Such a tiny (about .25 inches across) blossom and so fragile that it floats on even the tiniest breeze, it is still one of the earliest and hardiest of the wildflowers. Things cannot always be understood at the first glance.
Yellow Bell ~ Fritillaria pudica
A Whitetail doe was grazing on the hillside just below this small blossom in the evening of the second day of its bloom: in the morning the flower was gone. Life can take a sudden turn in this world in which we live.
Thanks Vicki! I’m doing quite well, but it will be months yet before a complete recovery to where I can hike the aggressive trails, but that will coincide withthe best time of year to visit the, Good timing!
I’m glad!
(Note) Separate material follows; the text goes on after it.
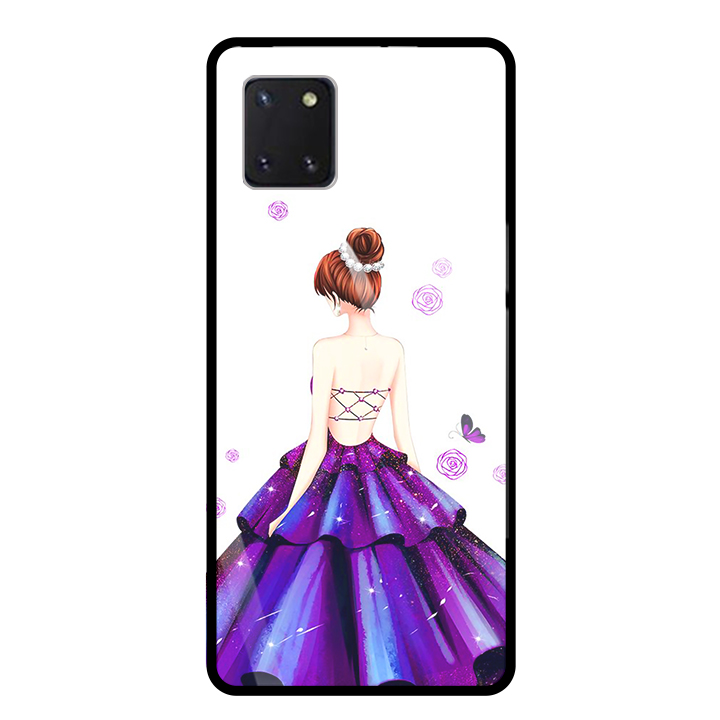 Ốp Lưng Kính Cường Lực Cho Điện Thoại SAMSUNG GALAXY NOTE 10 LITE – 0100 GIRL06 – Hàng Chính Hãng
They touch me deeply too, I guess for many reasons. I particularly love the ones that live in the very wild places where they can be seen in habitat that hasn’t been changed by the modern version of progress.
It sure does seem like a scramble. There is a short growing season here, especially at higher altitudes which an now still covered by 10 feet of snow here. The plants know well what they must do in that short time and have become very efficient in doing it. It’s a fascination!
Perhaps the doe saw that yellow bell and thought, “Dessert!” The woodland star is lovely. I’ve seen parviflorum a few times, so I looked it up. Apparently it means “small flowers”. I did find that, in the Finnish language, parvi means a group. It’s used mostly for birds of animals, but I think it would do nicely for petals that float on the wind.
I’ve seen in some places it is called “Smallflower Woodland Star”. Group is also accurate: these almost always grow in large groups. They are so small though that a casual observer just notices flecks of white or pink: it takes a magnified image to see how pretty they are. Perhaps that’s a special reward for those who care to look closely?
The word parvus, which meant ‘small’ in Latin, is one of those words that didn’t survive in the Romance languages. French replaced it with petit and Spanish with pequeño. Biologists are fond of naming things in Latin, so for a plant that produces small flowers they sometimes turn to parviflorus. As far as I know there’s no connection to parvi, because Finnish isn’t even an Indo-European language.
Well, gosh. “So, what IS an Indo-European language?” I thought to myself. I found a site that gives the basics (you’re right — no Finland), and provided this marvelous bit: “Dates are very approximate. We adopt, for sheer presentation convenience, quite arbitrary ranges of 500 or 1000 years that have little to do with accurate dates even when these might be known, which is seldom.” That made me laugh.
I like the tone of that article, which provides a lot more detail than you may have wanted to know, but which gives you in its first part a summary of what is meant by an Indo-European language. The other non-Indo-European languages of Europe are Estonian (which is related to Finnish), Hungarian, and Basque.
There is much to contemplate in nature. The flower there and then gone, the unexpected things in life…. So happy to see your flower photos and know you are getting back in the swing of things (Synchronicity?)
Yes, there is so much. Some folks might view them as rather simple things, but as you contemplate them you find that they and their ecosystems are amazingly complex.
Yes it’s good to be moving about at least a little. The timing is good for me here though because there will be plenty more time before the higher trails even open up. We have been fortunate to get quite heavy snow amounts in the mountains this winter too.
The recovery is going well, thanks, but it takes a long time for full recovery.
I love these little flowers and there will be many more species starting to bloom by the end of the month. I’m looking forward to them!
Our flowers are a little late this year too, but starting. I’d love to see the bluebonnets in person. I’ve seen so many beautiful photos of them. We have a flower here that is a little like them but it doesn’t grow in such profusion.
I have so missed your photographs that I find myself just staring at the ones you have recently posted. Like a chocoholic craving cocoa I cannot resist long, unrelenting looks at your exquisite photos!
Thank you for your kind words, Bill! The forests here, at the low elevations, are beginning to celebrate spring. Higher up though there is still a heavy snowpack, as it should be this time of year. I hope to be seeing it as it awakens this year and I am so thankful that I will be able to! It has been a long winter!
Thank you! I’m glad that you enjoy seeing some of Montana’s outdoors! I’ve been a bit under the weather for awhile and so haven’t posted much lately, but hope to be back on track again in a month or so.